Pictures excluded, copy word for word the lines from the one holding "ASI QUE USTED" through the last line below.

----- GIVEN INFORMATION

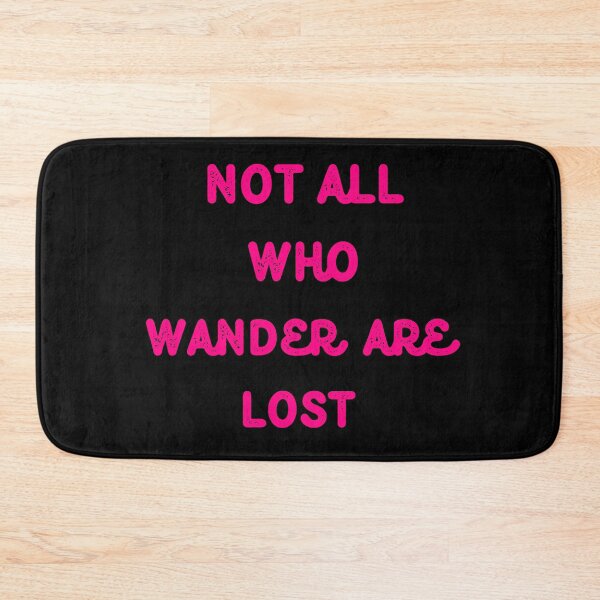 Item preview, NOT EVERYONE WHO WANDERS IS LOST designed and sold by stickersrafisa.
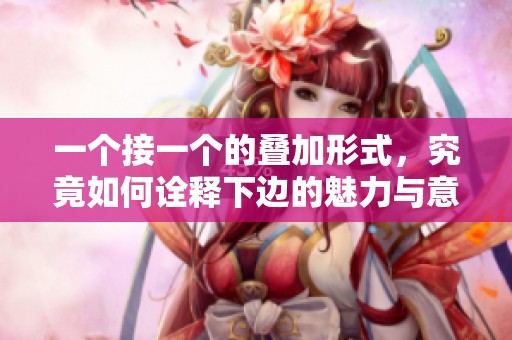 一个接一个的叠加形式，究竟如何诠释下边的魅力与意义
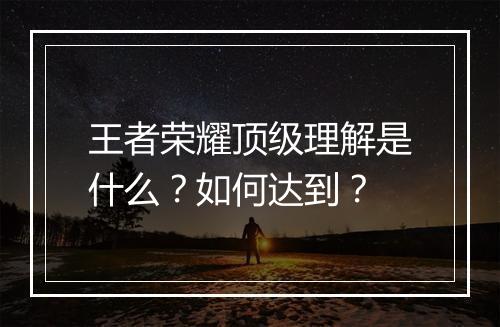 王者荣耀顶级理解是什么？如何达到？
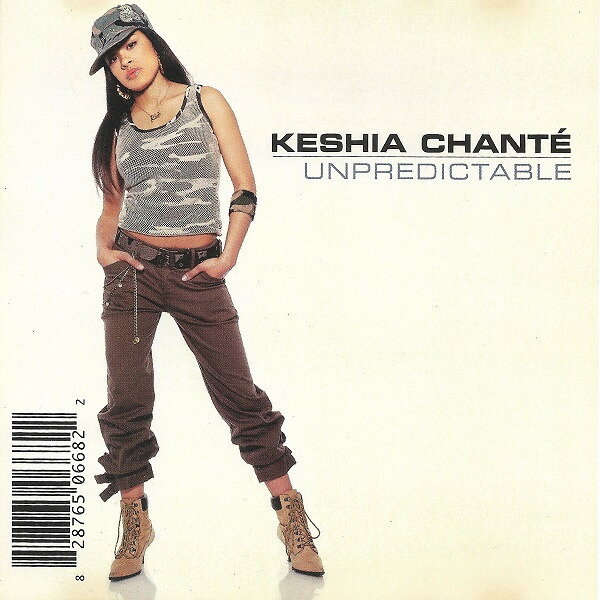CD Keshia Chante Unpredictable 82876506682 Vik Recordings /00110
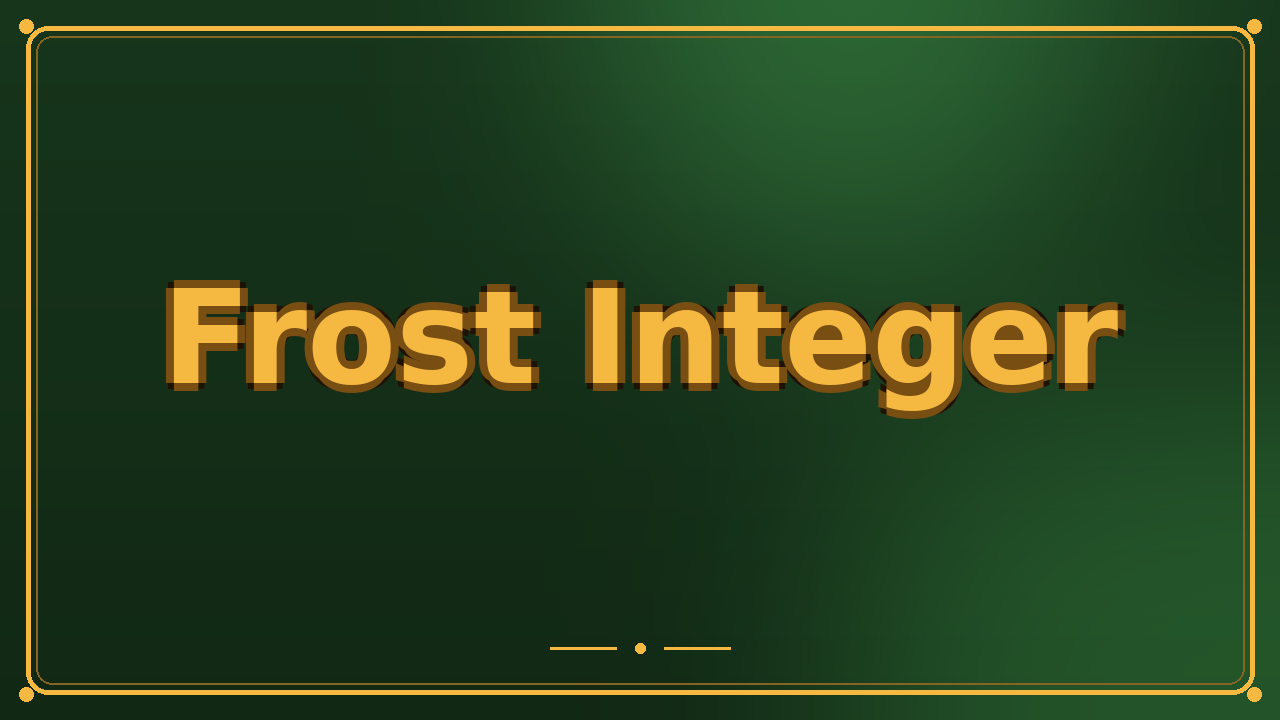 Frost Integer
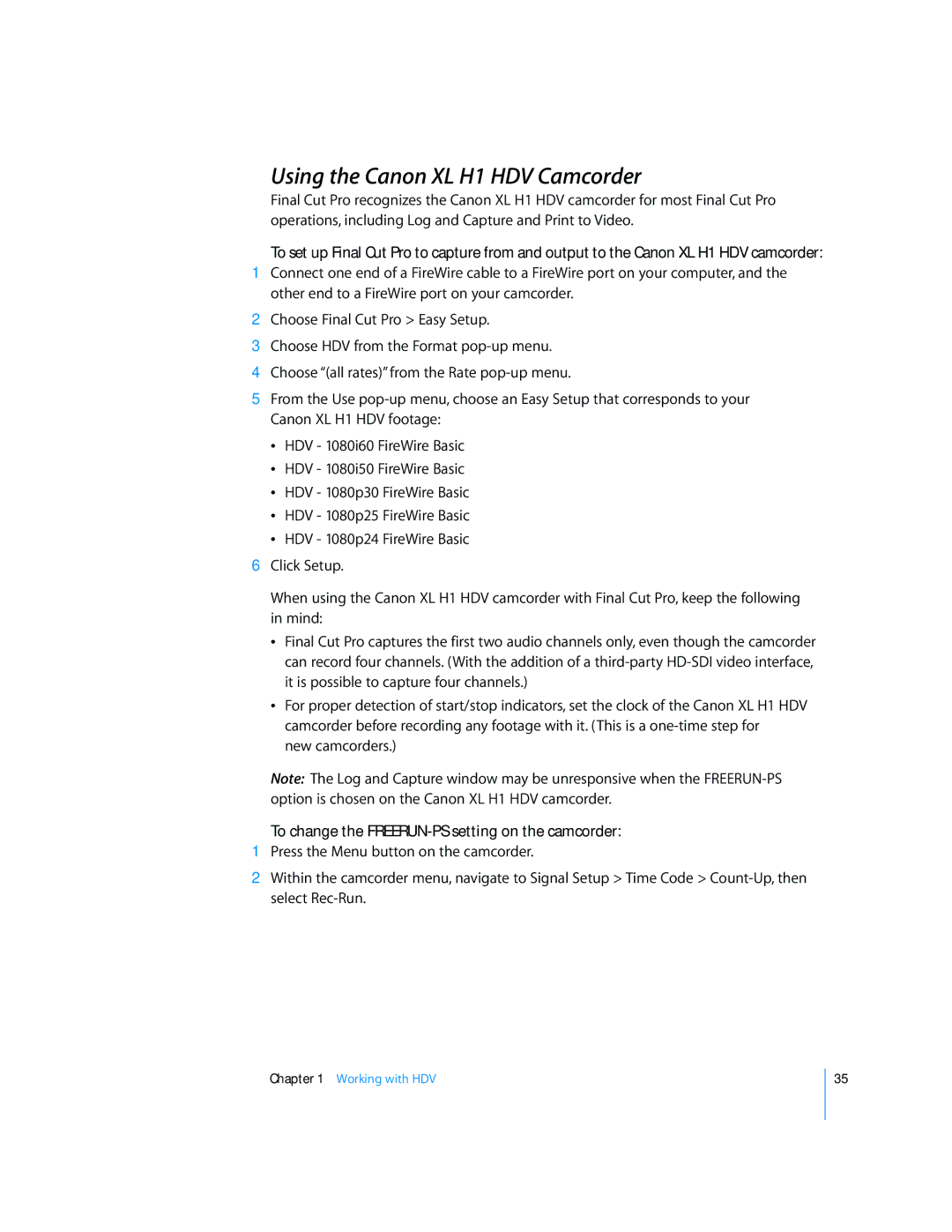 Apple 6 manual Using the Canon XL H1 HDV Camcorder, To change the FREERUN-PS setting on the camcorder 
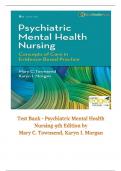 Test Bank - Psychiatric Mental Health Nursing 9th Edition by Mary C. Townsend, Karyn I. Morgan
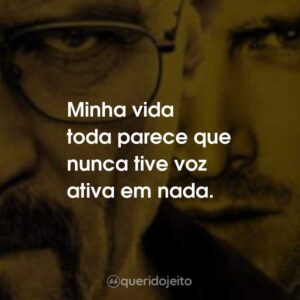 Minha vida toda parece que nunca tive voz ativa em nada.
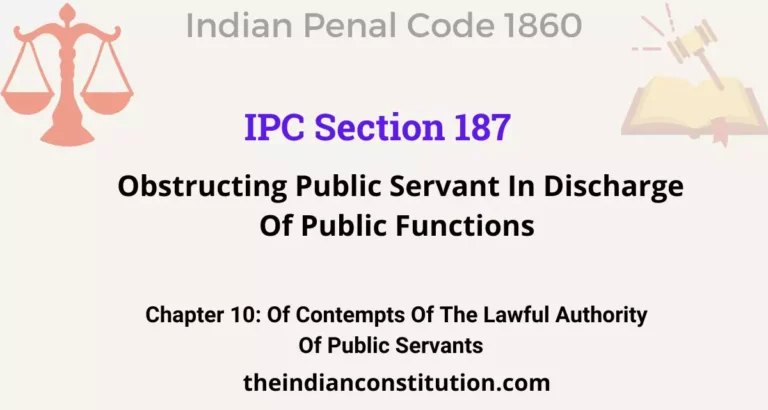 IPC Section 187: Obstructing Public Servant In Discharge Of Public Functions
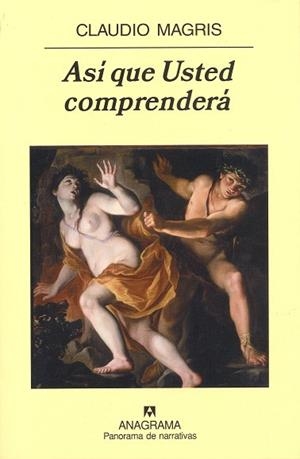 ASI QUE USTED COMPRENDERA (PANORAMA NARRATIVAS,674) | 9788433974556 | MAGRIS, CLAUDIO | Llibreria La Gralla | Llibreria online de Granollers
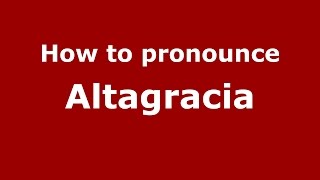 How to pronounce Altagracia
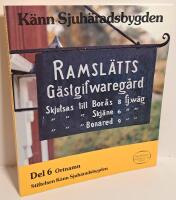 K&auml;nn Sjuh&auml;radsbygden - Del 6 Ortnamn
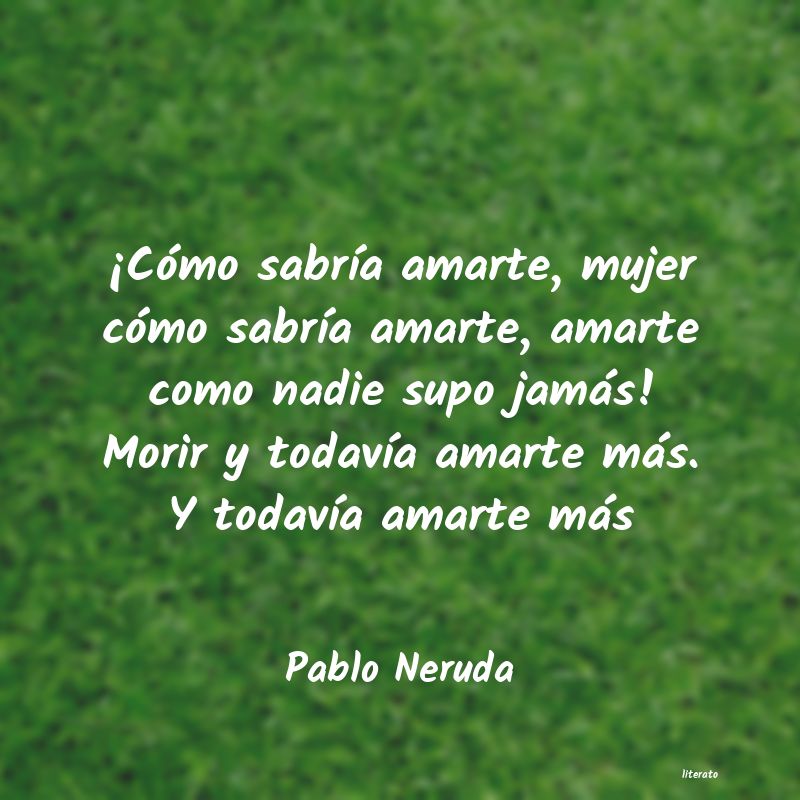 como sabria amarte mujer pablo neruda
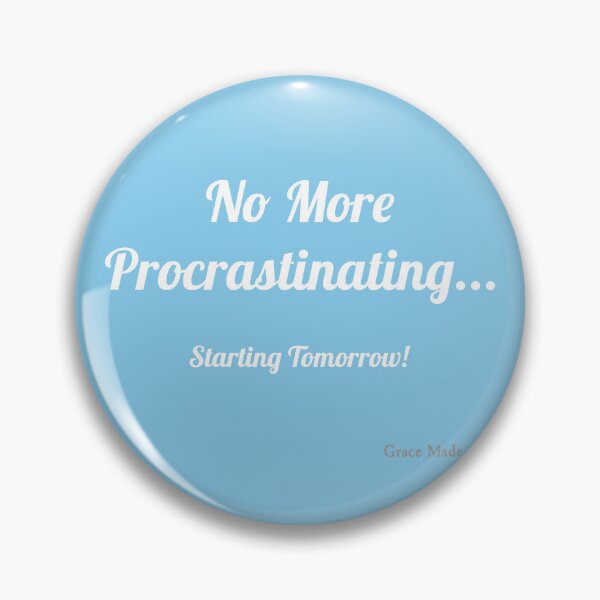 Item preview, No More Procrastinating... designed and sold by GraceMadeArt.
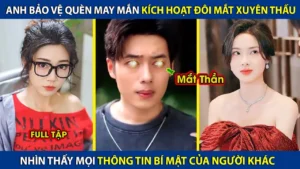 Anh Bảo Vệ Quèn May Mắn Sở Hữu Mắt Nhìn Xuyên Thấu! Nhìn Thấy Mọi Thông Tin Bí Mật Của Người Khác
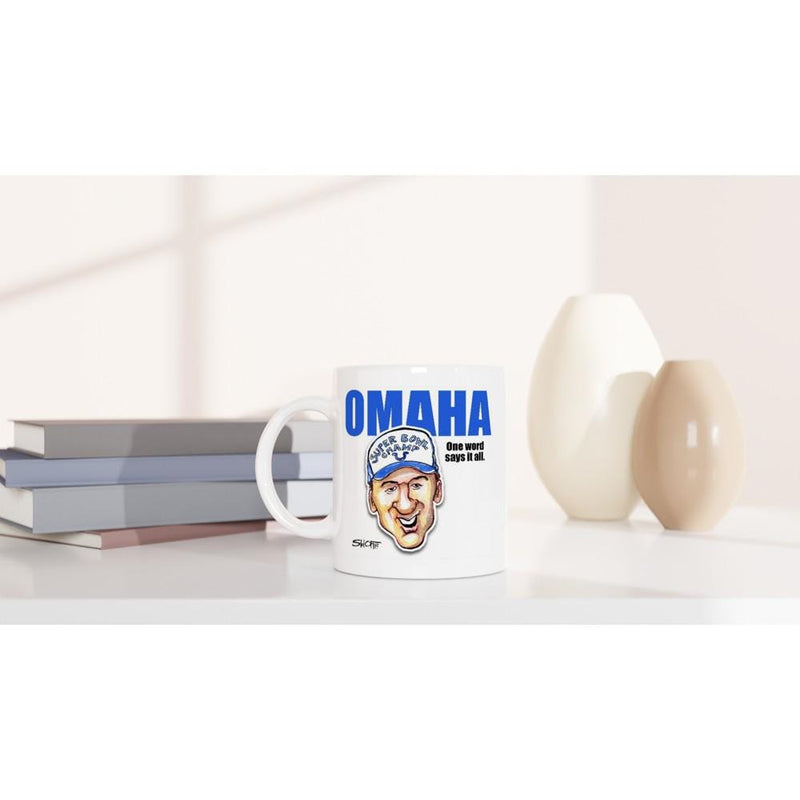 OMAHA PEYTON MANNING One Word Says It All White 11oz Ceramic Mug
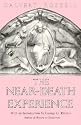 Near Death Experience of George G. Ritchie: In the Light of Scientific Research from Wilder Penfield to Michael Sabom and the Spiritual Science of Rudolf Steiner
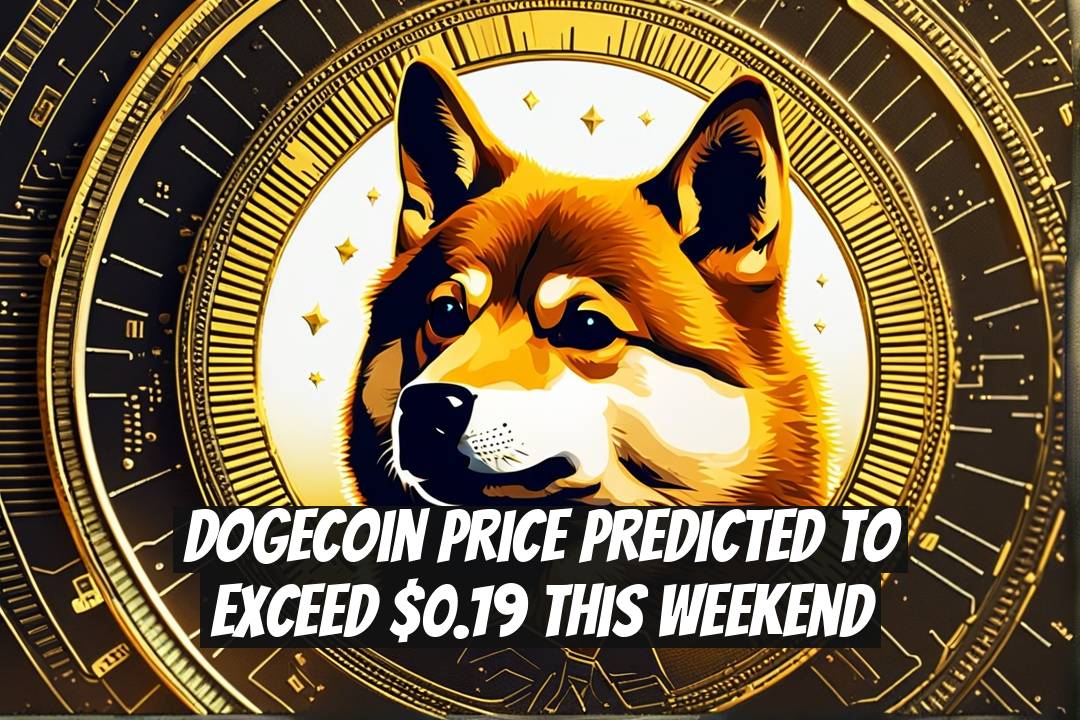 Dogecoin Price Predicted to Exceed $0.19 This Weekend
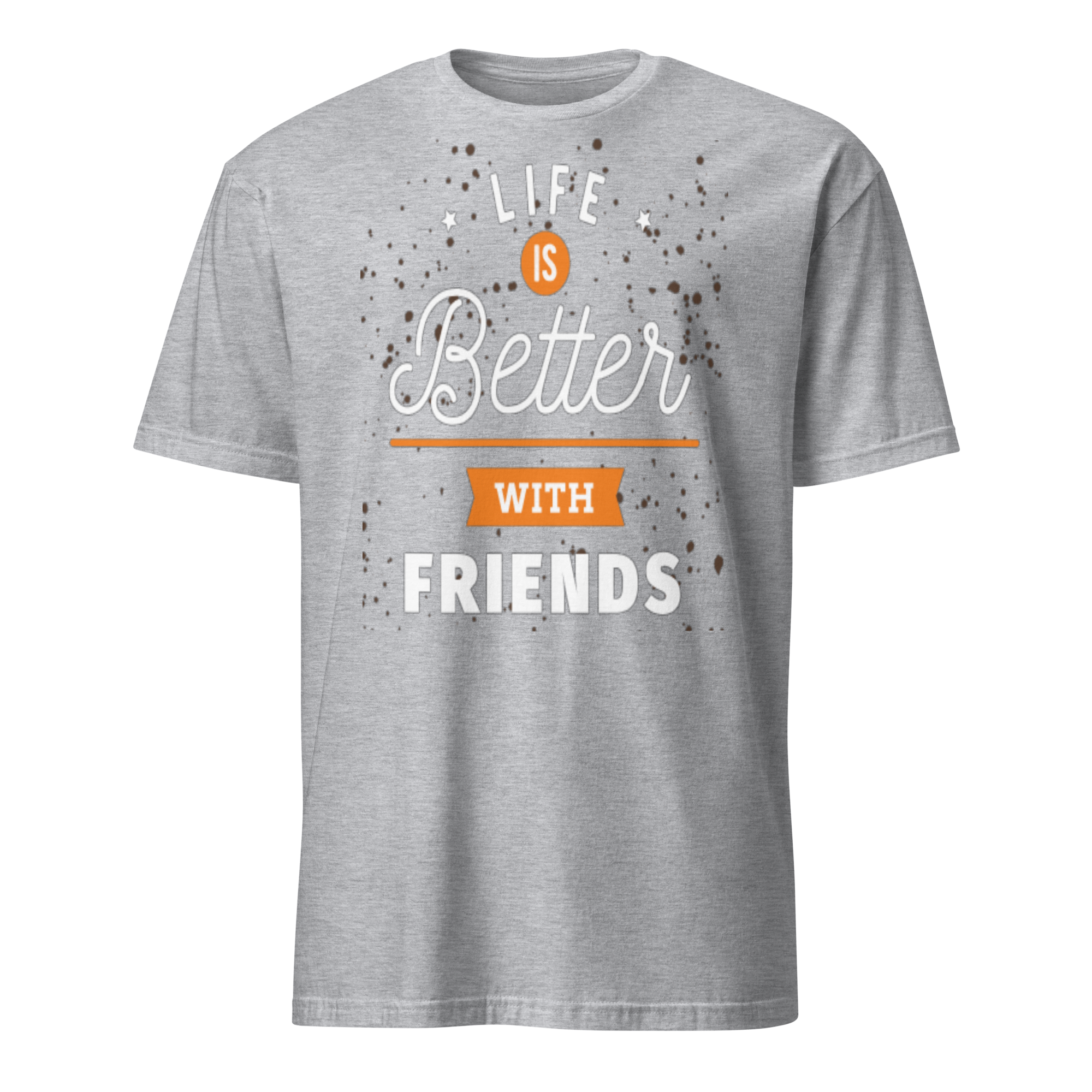Life Is Better With Friends Unisex T-Shirt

----------

# SOLUTION BELOW
 ASI QUE USTED COMPRENDERA (PANORAMA NARRATIVAS,674) | 9788433974556 | MAGRIS, CLAUDIO | Llibreria La Gralla | Llibreria online de Granollers
 How to pronounce Altagracia
 K&auml;nn Sjuh&auml;radsbygden - Del 6 Ortnamn
 como sabria amarte mujer pablo neruda
 Item preview, No More Procrastinating... designed and sold by GraceMadeArt.
 Anh Bảo Vệ Quèn May Mắn Sở Hữu Mắt Nhìn Xuyên Thấu! Nhìn Thấy Mọi Thông Tin Bí Mật Của Người Khác
 OMAHA PEYTON MANNING One Word Says It All White 11oz Ceramic Mug
 Near Death Experience of George G. Ritchie: In the Light of Scientific Research from Wilder Penfield to Michael Sabom and the Spiritual Science of Rudolf Steiner
 Dogecoin Price Predicted to Exceed $0.19 This Weekend
Life Is Better With Friends Unisex T-Shirt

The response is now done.